### Work to complete
When you restate the data, keep every word as it is and drop the images.

### Provided material

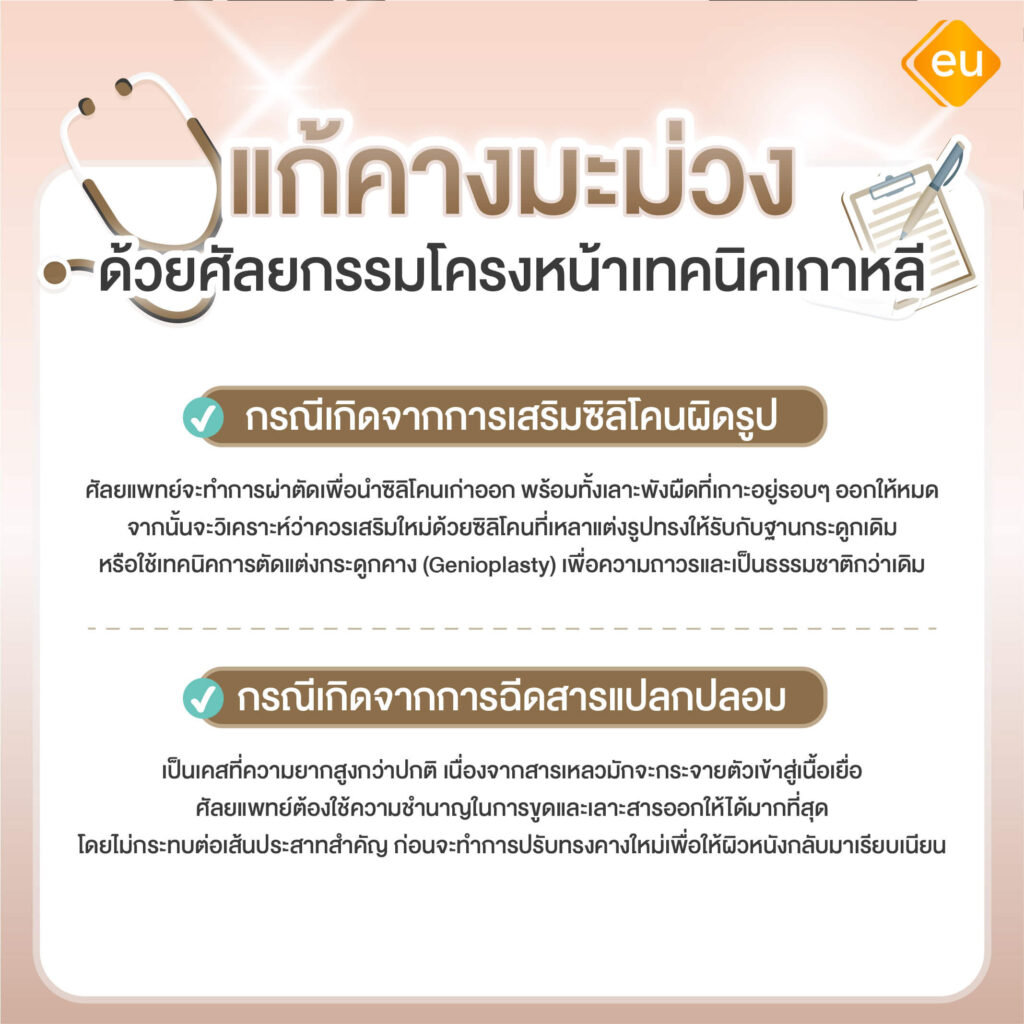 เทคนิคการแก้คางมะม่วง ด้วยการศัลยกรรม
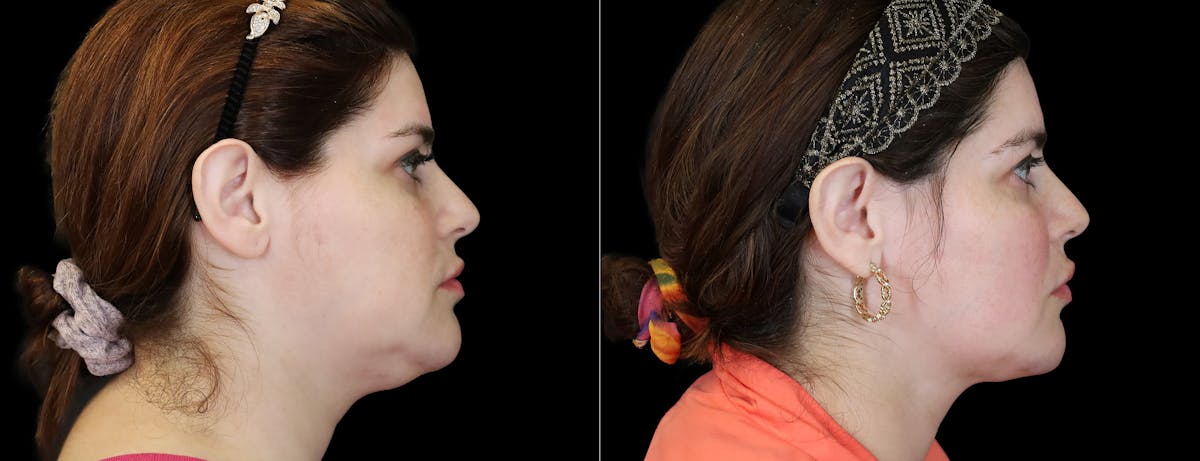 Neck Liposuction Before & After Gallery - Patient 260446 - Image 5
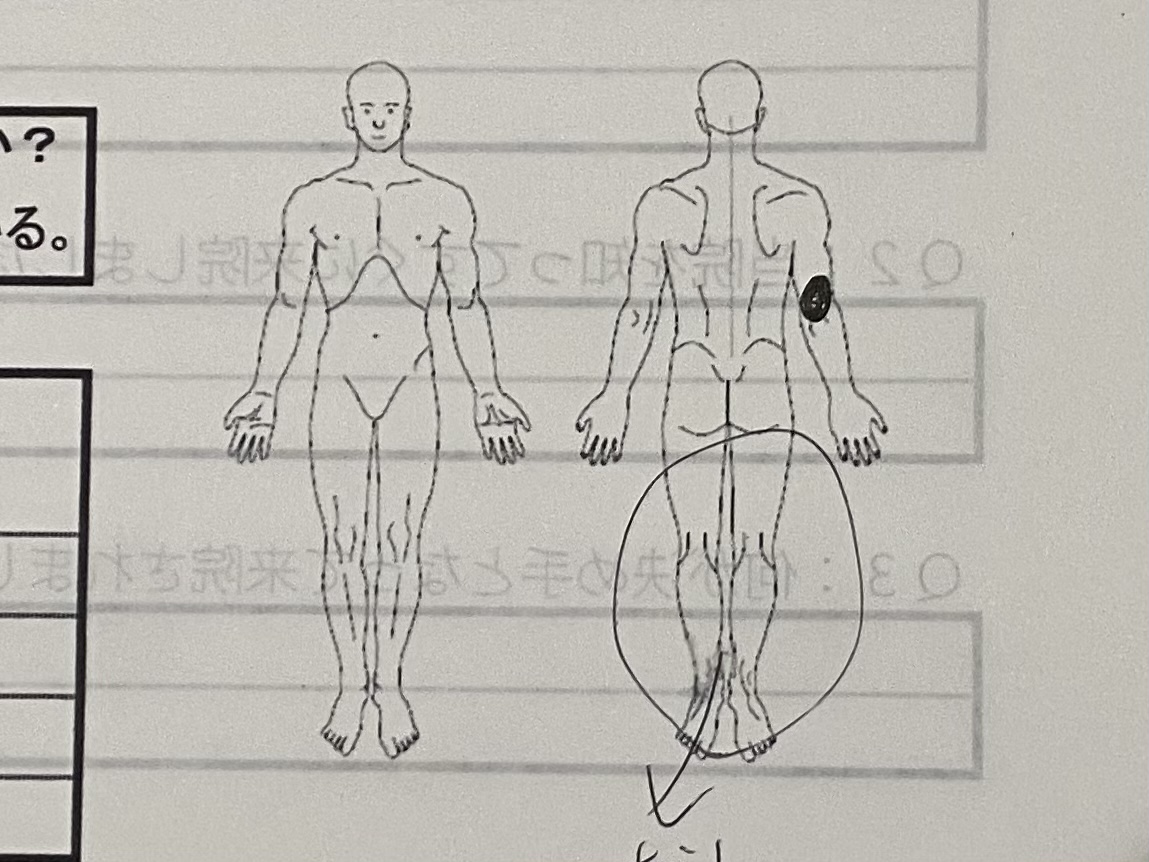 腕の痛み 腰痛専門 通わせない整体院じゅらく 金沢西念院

### Response
 เทคนิคการแก้คางมะม่วง ด้วยการศัลยกรรม
 Neck Liposuction Before & After Gallery - Patient 260446 - Image 5
 腕の痛み 腰痛専門 通わせない整体院じゅらく 金沢西念院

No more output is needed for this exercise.